Page:Yver - Comment s en vont les reines.djvu/327

La bibliothèque libre.
Cette page n’a pas encore été corrigée

Est-ce qu’il n’était pas loisible à tous de voir qu’elle défaillait, qu’elle pouvait à peine se raidir au moment d’accomplir l’horrible démarche !…

Avant qu’on l’eût annoncée, le vieil ami avait entendu sa voix ; il accourait sous le porche. Elle le vit arriver, les mains aux poches de son petit veston court, si vif, si anxieux !

— Vous n’êtes pas malade ?

— Non, docteur, dit-elle, en s’efforçant de rire, à cause du domestique qui les regardait tous deux.
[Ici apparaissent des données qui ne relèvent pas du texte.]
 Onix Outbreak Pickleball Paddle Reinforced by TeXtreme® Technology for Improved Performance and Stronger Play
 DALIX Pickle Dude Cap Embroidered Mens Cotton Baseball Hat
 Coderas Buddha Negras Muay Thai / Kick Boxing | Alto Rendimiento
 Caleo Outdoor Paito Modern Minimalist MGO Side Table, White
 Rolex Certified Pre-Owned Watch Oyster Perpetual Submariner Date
J’ai seulement un petit renseignement à prendre chez vous, si vous voulez bien…

Il la mena, à travers ses beaux appartements confortables, où, dans la pénombre, saillaient les luisants du luxe : la salle à manger, avec l’or de ses broderies chinoises, le salon turc aux cuirs odorants, le salon d’attente, le billard, et enfin le cabinet où il la fit s’asseoir.
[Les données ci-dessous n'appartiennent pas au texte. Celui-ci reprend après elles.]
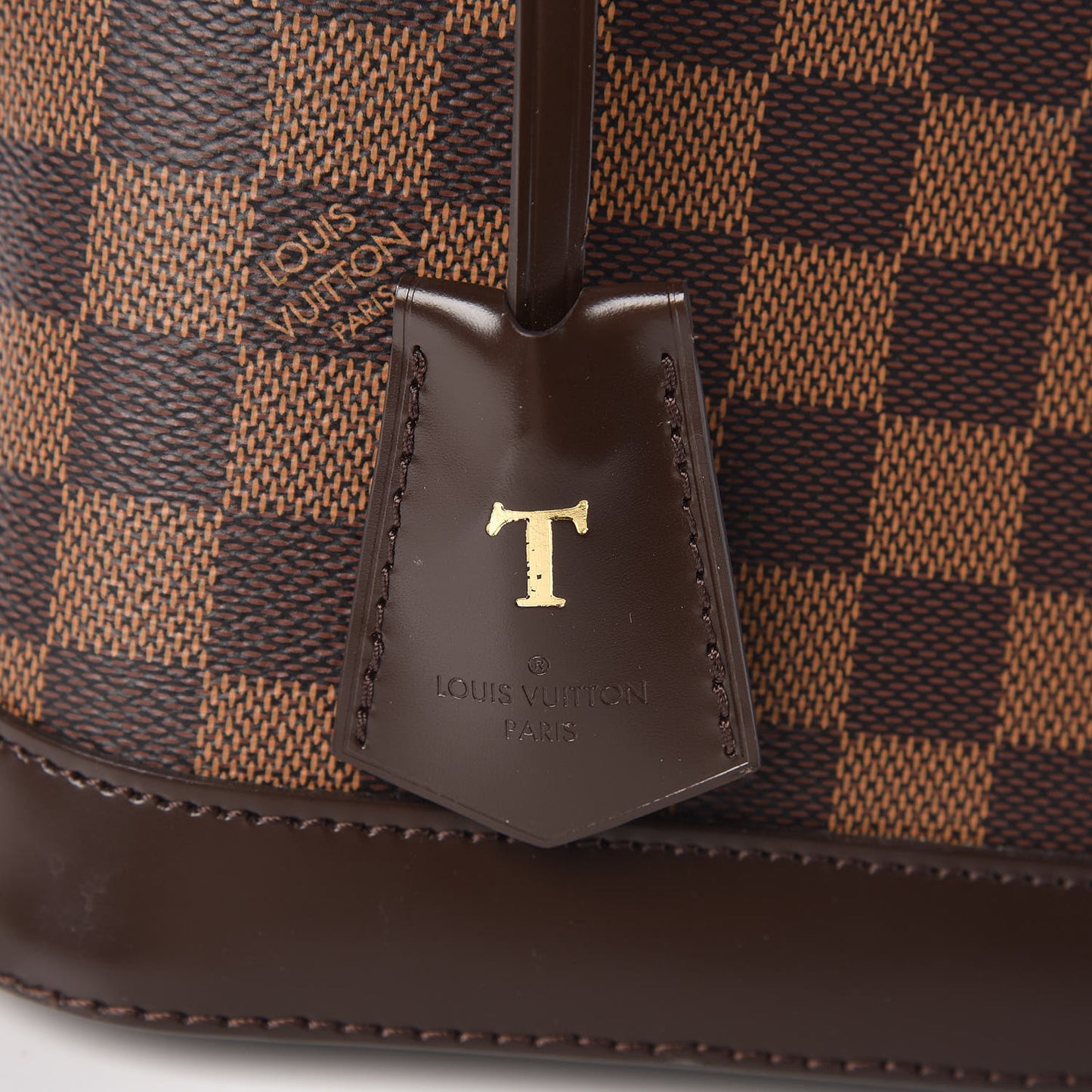 Damier Ebene Alma BB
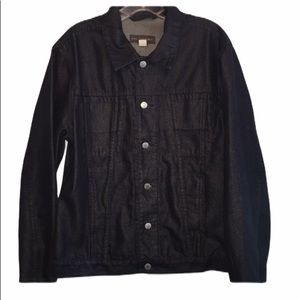 Banana Republic Dark Blue Jean Jacket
Elle était sans force, sans voix, sans souffle. Il perdit, à la voir ainsi, la joie qu’il avait eue à son arrivée, la joie de la posséder chez lui, de la trouver dans ce coin d’intimité, de lui montrer sa maison, le cadre de sa vie, un peu du mystère de sa solitude, la joie de voir réaliser le rêve si souvent fait, le rêve si cher aux hommes qui aiment. Debout devant elle, il se pencha, lui prit les mains.